# Systems of non-linear equations

A system of equations is non-linear if at least one of its equations is not linear (there is some exponent which is greater than one).

These systems will usually be solved by replacement. When possible, it is advisable to draw the equations of the system in order to have an approximate idea of the possible solutions.

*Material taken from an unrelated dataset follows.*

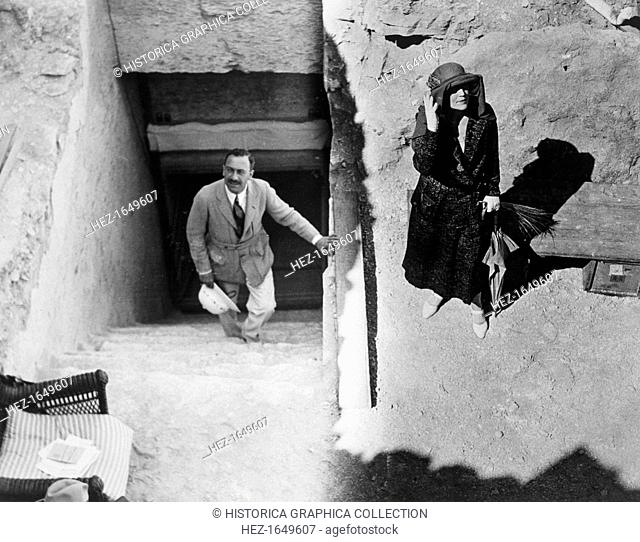 Visitors to the Tomb of Tutankhamun, Valley of the Kings, Egypt, 1923. Mr Stephen Vlasto and Lady Ribblesdale at the entrance to the tomb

Find the solutions, if there are any, to $$\left\{ \begin{array}{c} x^2+y^2=25 \\ x+y=5 \end{array} \right.$$$As has been said, it turns out to be useful to draw the functions. Still, without drawing them, we can see that the first equation is that of a circumference centred on $$(0,0)$$ and of radius $$5$$. Then, three situations could happen: • No solution exists: The straight line runs above or below the circumference without cutting it. • Only one solution exists: The straight line is tangent to the circumference. • Two solutions exist: The straight line cuts the circumference twice. In the proposed example we can see that there will be two solutions: Analytical resolution: 1) We obtain one variable in terms of the other by using one of the equations (it will be easier to start with the linear one) $$y=5-x$$$

2) We then replace it in the other equation: $$x^2+(5-x)^2=25$$$3) We solve: $$x^2+25-10x+x^2=25 \\ 2x^2-10x=0 \\ x\cdot(2x-10)=0 \\ x_1=0 \\ 2x-10=0 \rightarrow x_2=5$$$

4) And, substituting back into the other equation, $$x_1=0 \Rightarrow y_1=5$$$$$x_2=5 \Rightarrow y_2=0$$$

Note that what we observed in the graphic is what we have seen throughout the analytic approach.

We have to insist on the need to try to imagine the graphic representation before solving the exercise. This will allow us a solution focused on a result, which is always more effective than solving the system without any approximate idea of what will be obtained.